● TASK DESCRIPTION
Output every record exactly and leave each picture out.

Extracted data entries
"""

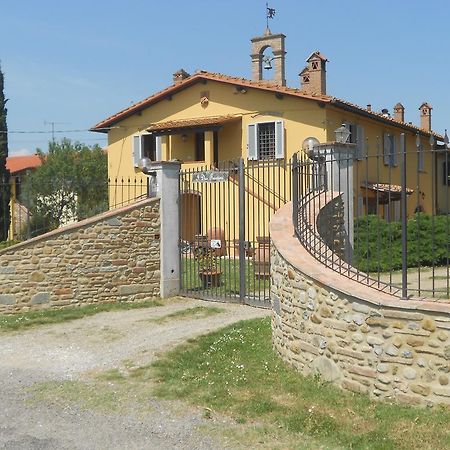 I Due Frassini Apartment Montespertoli Exterior photo
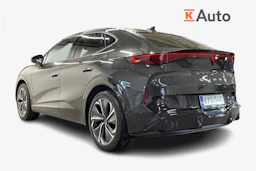 Harmaa CUPRA Tavascan 2025 kuva 2.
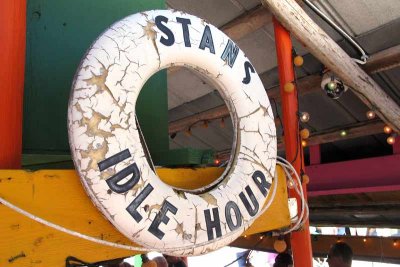 The Idle Hour at Stan's...it's a state of mind!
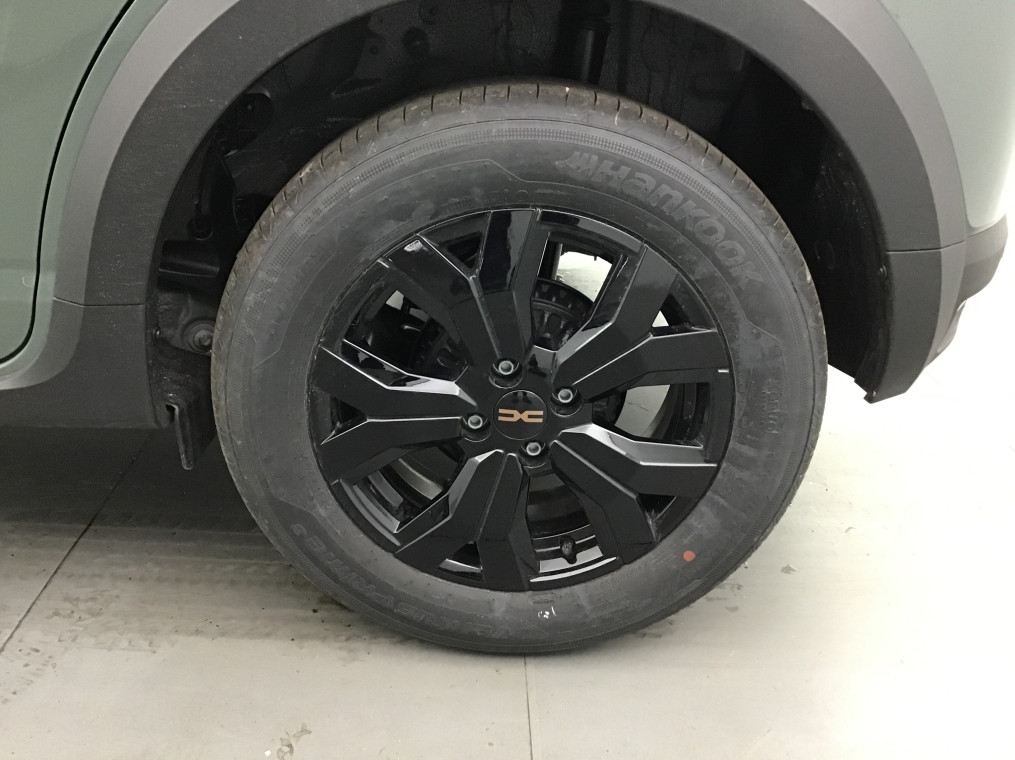 DACIA SANDERO TCe 110 GSR2 Stepway Extreme
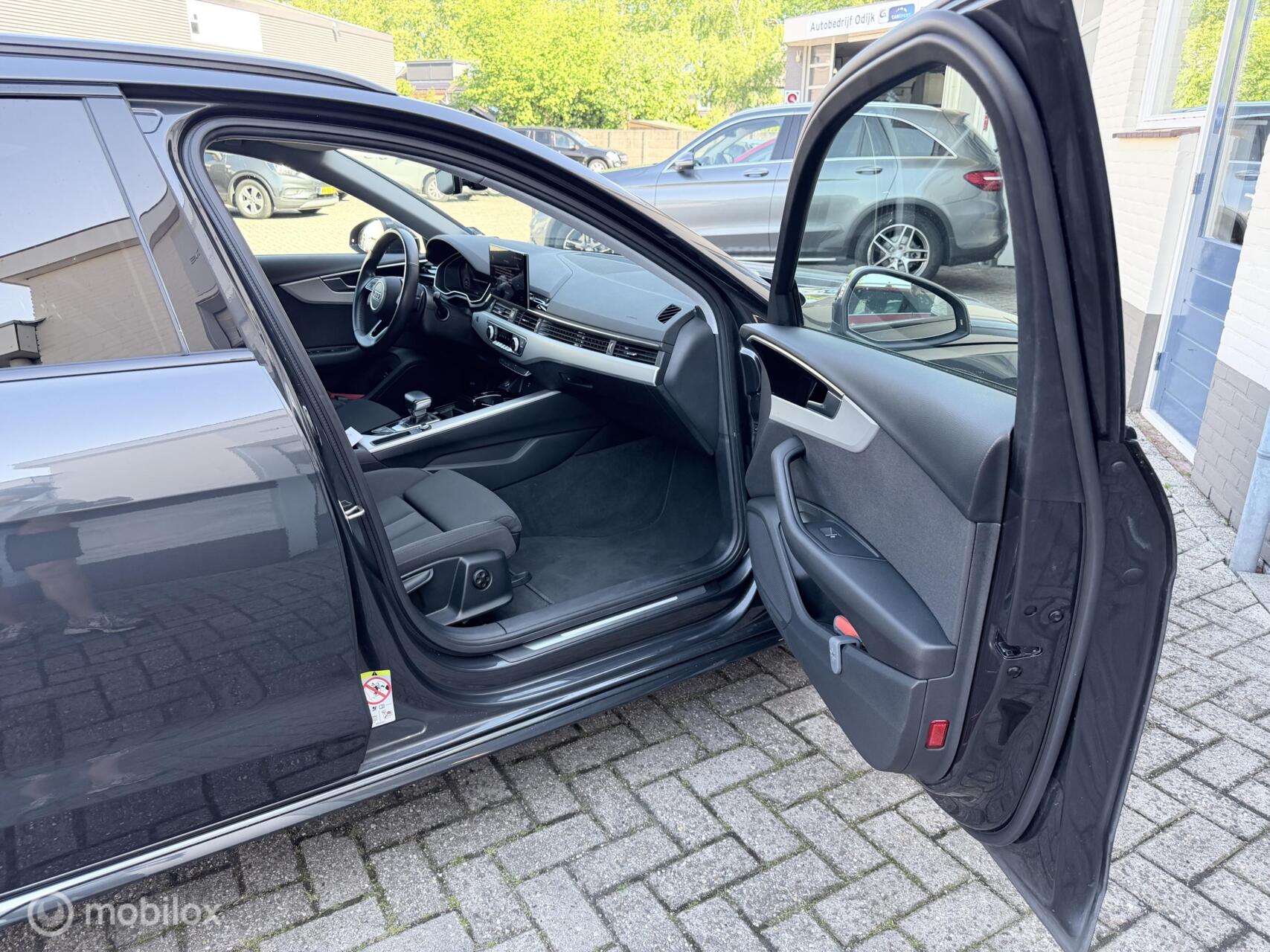 Foto van Audi A4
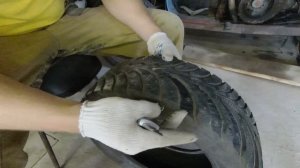 Ободрыши для самодельного квадроцикла | Обдирка легковых шин |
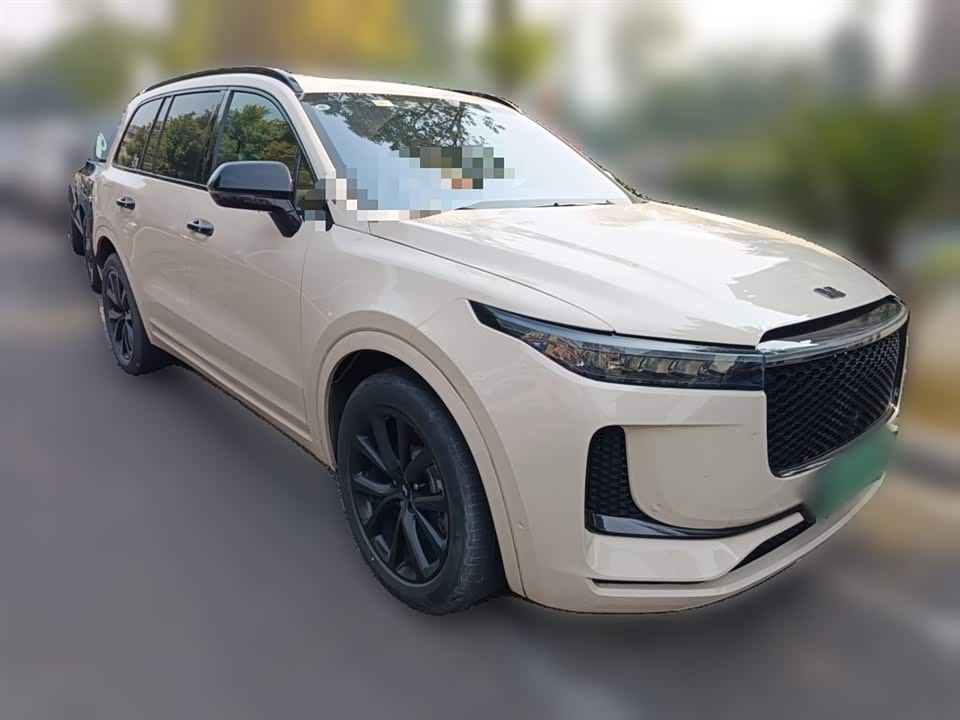 Li Auto Ideal ONE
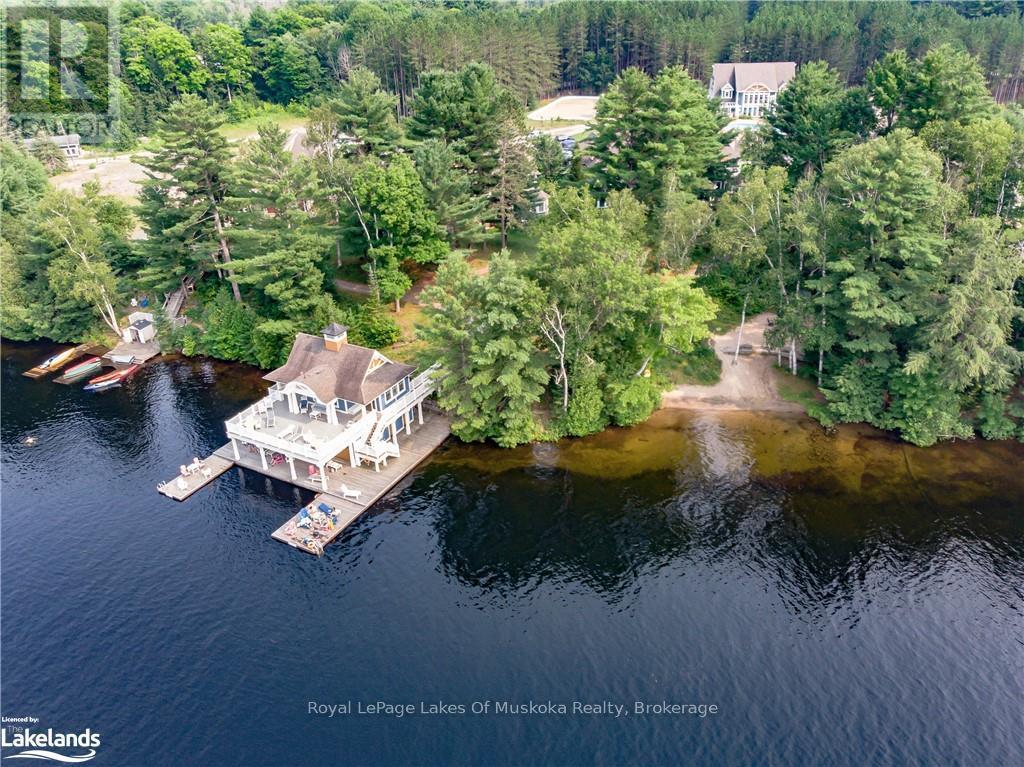 Maple Cottage Week 2 - 1020 Birch Glen Road, Lake Of Bays, Ontario  P0B 1A0 - Photo 4 - X12148362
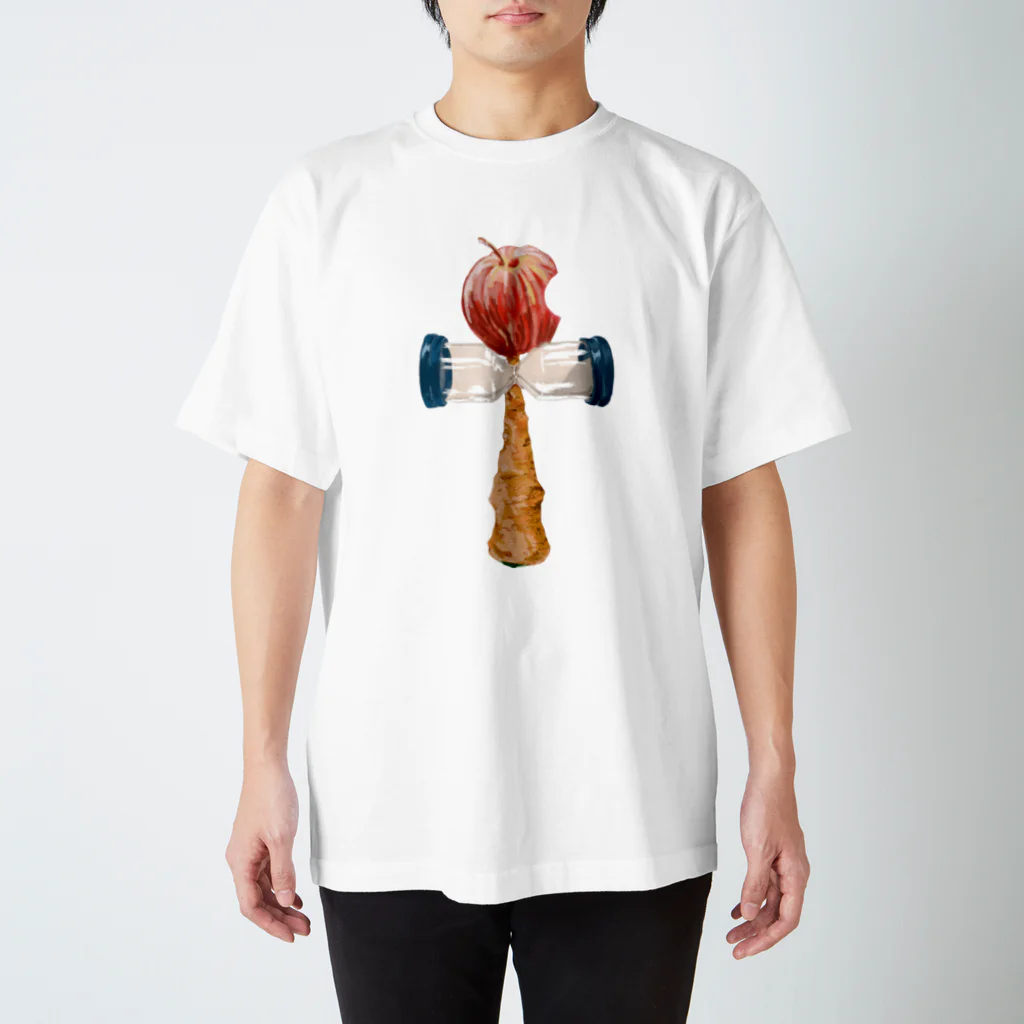 SOY EMOのillKendama スタンダードTシャツ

"""

● RESULT OF THE EXERCISE
 I Due Frassini Apartment Montespertoli Exterior photo
 Harmaa CUPRA Tavascan 2025 kuva 2.
 The Idle Hour at Stan's...it's a state of mind!
 DACIA SANDERO TCe 110 GSR2 Stepway Extreme
 Foto van Audi A4
 Ободрыши для самодельного квадроцикла | Обдирка легковых шин |
 Li Auto Ideal ONE
 Maple Cottage Week 2 - 1020 Birch Glen Road, Lake Of Bays, Ontario  P0B 1A0 - Photo 4 - X12148362
 SOY EMOのillKendama スタンダードTシャツ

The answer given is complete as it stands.